Time Limit: 1000MS Memory Limit: 65536K

Special Judge


The City has a number of municipal buildings and a number of fallout shelters that were build specially to hide municipal workers in case of a nuclear war. Each fallout shelter has a limited capacity in terms of a number of people it can accommodate, and there’s almost no excess capacity in The City’s fallout shelters. Ideally, all workers from a given municipal building shall run to the nearest fallout shelter. However, this will lead to overcrowding of some fallout shelters, while others will be half-empty at the same time.

To address this problem, The City Council has developed a special evacuation plan. Instead of assigning every worker to a fallout shelter individually (which will be a huge amount of information to keep), they allocated fallout shelters to municipal buildings, listing the number of workers from every building that shall use a given fallout shelter, and left the task of individual assignments to the buildings’ management.

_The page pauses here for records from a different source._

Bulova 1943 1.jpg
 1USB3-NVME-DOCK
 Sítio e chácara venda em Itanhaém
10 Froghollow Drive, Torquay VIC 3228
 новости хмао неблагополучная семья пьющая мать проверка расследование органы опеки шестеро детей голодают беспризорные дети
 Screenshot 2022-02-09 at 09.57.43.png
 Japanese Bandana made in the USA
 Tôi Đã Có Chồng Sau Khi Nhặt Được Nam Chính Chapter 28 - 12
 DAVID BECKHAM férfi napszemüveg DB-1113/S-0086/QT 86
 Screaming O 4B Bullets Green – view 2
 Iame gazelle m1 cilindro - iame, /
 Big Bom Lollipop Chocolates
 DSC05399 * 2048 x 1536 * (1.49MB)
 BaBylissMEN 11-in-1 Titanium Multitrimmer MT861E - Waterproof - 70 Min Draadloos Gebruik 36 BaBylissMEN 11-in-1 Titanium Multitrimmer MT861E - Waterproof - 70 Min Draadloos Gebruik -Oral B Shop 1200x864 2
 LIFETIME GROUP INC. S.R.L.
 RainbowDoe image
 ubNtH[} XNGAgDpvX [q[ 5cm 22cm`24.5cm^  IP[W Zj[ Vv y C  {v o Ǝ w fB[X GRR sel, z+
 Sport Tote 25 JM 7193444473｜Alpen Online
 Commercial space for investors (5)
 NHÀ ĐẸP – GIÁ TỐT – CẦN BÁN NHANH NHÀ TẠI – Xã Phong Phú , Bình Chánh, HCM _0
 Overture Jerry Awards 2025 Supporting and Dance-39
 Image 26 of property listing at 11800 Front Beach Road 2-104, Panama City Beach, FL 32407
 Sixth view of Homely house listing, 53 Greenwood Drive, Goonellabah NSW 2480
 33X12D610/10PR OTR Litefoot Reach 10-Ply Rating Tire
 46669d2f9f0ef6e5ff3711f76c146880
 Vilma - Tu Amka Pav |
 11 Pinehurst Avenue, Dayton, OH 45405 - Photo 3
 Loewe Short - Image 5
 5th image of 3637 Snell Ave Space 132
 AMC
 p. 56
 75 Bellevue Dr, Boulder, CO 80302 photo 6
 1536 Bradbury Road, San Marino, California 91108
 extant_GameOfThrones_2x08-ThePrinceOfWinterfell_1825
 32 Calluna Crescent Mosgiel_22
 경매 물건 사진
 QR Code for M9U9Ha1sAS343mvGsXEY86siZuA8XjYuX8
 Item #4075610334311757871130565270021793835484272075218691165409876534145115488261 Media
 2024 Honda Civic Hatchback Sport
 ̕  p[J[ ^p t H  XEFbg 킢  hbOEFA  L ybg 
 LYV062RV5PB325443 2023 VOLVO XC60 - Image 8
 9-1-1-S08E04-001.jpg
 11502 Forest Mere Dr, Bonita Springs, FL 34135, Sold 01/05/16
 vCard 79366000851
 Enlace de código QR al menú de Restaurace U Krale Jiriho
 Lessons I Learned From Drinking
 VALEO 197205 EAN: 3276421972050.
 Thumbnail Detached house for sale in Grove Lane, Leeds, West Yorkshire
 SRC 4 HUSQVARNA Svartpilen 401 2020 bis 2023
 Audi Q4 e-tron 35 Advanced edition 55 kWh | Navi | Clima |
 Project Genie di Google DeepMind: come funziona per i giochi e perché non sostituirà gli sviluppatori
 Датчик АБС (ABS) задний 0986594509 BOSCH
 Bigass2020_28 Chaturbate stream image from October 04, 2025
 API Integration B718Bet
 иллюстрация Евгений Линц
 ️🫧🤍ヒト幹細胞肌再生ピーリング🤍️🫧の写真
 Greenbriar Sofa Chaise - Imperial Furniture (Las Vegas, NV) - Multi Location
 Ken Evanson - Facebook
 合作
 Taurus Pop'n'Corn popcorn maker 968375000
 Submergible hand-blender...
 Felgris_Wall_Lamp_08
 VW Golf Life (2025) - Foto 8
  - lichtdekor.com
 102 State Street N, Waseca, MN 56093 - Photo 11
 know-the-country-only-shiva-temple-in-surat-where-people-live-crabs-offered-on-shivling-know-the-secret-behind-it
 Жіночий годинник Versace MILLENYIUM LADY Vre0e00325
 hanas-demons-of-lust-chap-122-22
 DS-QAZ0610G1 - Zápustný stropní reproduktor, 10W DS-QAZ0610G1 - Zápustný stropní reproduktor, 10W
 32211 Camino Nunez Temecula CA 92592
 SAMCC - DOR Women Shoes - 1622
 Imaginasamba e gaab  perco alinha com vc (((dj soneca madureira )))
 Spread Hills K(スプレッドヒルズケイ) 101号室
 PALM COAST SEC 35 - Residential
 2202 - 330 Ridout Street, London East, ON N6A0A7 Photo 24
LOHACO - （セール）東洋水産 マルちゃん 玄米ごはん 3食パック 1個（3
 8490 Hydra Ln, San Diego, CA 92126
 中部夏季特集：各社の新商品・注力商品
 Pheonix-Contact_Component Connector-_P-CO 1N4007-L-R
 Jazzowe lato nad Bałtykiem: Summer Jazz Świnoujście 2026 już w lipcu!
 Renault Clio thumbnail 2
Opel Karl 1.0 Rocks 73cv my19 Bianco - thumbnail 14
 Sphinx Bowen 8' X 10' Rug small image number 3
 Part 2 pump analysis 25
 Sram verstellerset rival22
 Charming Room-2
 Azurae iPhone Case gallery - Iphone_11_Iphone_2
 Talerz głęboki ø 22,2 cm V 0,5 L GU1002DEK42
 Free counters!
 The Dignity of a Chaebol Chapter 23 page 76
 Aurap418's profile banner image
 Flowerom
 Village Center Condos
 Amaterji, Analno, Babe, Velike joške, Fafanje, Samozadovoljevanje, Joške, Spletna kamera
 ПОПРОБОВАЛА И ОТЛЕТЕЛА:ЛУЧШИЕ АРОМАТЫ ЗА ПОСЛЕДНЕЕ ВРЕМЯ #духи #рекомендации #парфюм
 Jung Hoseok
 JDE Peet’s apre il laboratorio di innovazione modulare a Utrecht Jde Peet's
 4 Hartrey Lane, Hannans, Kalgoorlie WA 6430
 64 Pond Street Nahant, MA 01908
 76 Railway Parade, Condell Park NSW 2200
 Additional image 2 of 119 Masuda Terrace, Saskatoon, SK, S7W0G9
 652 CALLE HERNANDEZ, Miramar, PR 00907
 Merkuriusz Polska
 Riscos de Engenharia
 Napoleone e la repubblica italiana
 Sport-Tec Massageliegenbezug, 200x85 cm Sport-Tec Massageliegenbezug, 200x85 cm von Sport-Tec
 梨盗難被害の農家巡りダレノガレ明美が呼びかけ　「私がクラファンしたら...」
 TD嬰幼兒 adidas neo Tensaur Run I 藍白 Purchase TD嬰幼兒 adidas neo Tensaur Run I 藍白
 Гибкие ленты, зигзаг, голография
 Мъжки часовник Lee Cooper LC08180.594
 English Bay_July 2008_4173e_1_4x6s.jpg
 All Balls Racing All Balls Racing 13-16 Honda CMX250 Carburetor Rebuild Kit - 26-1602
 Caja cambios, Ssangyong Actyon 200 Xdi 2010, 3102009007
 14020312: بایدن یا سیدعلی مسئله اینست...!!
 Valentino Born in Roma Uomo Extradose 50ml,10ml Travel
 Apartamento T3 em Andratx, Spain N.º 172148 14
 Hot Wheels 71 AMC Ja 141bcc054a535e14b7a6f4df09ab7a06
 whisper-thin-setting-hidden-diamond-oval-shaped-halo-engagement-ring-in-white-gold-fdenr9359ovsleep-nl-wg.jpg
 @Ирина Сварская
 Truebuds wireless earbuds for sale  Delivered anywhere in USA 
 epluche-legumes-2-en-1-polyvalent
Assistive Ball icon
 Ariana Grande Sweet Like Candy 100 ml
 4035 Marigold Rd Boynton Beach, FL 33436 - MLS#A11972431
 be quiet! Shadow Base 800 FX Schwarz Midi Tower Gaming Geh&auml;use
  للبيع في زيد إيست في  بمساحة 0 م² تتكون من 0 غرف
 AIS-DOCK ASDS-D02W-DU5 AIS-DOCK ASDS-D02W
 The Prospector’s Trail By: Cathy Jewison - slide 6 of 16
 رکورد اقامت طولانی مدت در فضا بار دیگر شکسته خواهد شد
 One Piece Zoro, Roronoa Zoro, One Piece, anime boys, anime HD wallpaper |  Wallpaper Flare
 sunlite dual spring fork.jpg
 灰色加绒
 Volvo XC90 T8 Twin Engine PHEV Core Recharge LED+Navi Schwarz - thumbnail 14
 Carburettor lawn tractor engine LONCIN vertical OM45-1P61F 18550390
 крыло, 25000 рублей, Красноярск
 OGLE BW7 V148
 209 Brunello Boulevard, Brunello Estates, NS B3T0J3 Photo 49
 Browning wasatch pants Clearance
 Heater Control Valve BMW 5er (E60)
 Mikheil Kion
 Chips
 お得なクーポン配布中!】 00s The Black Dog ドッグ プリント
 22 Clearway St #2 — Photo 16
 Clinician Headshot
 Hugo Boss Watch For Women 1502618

The plan takes into account a number of workers in every building - all of them are assigned to fallout shelters, and a limited capacity of each fallout shelter - every fallout shelter is assigned to no more workers then it can accommodate, though some fallout shelters may be not used completely.

The City Council claims that their evacuation plan is optimal, in the sense that it minimizes the total time to reach fallout shelters for all workers in The City, which is the sum for all workers of the time to go from the worker’s municipal building to the fallout shelter assigned to this worker.

The City Mayor, well known for his constant confrontation with The City Council, does not buy their claim and hires you as an independent consultant to verify the evacuation plan. Your task is to either ensure that the evacuation plan is indeed optimal, or to prove otherwise by presenting another evacuation plan with the smaller total time to reach fallout shelters, thus clearly exposing The City Council’s incompetence.

During initial requirements gathering phase of your project, you have found that The City is represented by a rectangular grid. The location of municipal buildings and fallout shelters is specified by two integer numbers and the time to go between municipal building at the location (Xi, Yi) and the fallout shelter at the location (Pj, Qj) is Di,j = |Xi - Pj| + |Yi - Qj| + 1 minutes.


The input consists of The City description and the evacuation plan description. The first line of the input file consists of two numbers N and M separated by a space. N (1 ≤ N ≤ 100) is a number of municipal buildings in The City (all municipal buildings are numbered from 1 to N). M (1 ≤ M ≤ 100) is a number of fallout shelters in The City (all fallout shelters are numbered from 1 to M).

The following N lines describe municipal buildings. Each line contains there integer numbers Xi, Yi, and Bi separated by spaces, where Xi, Yi (-1000 ≤ Xi, Yi ≤ 1000) are the coordinates of the building, and Bi (1 ≤ Bi ≤ 1000) is the number of workers in this building.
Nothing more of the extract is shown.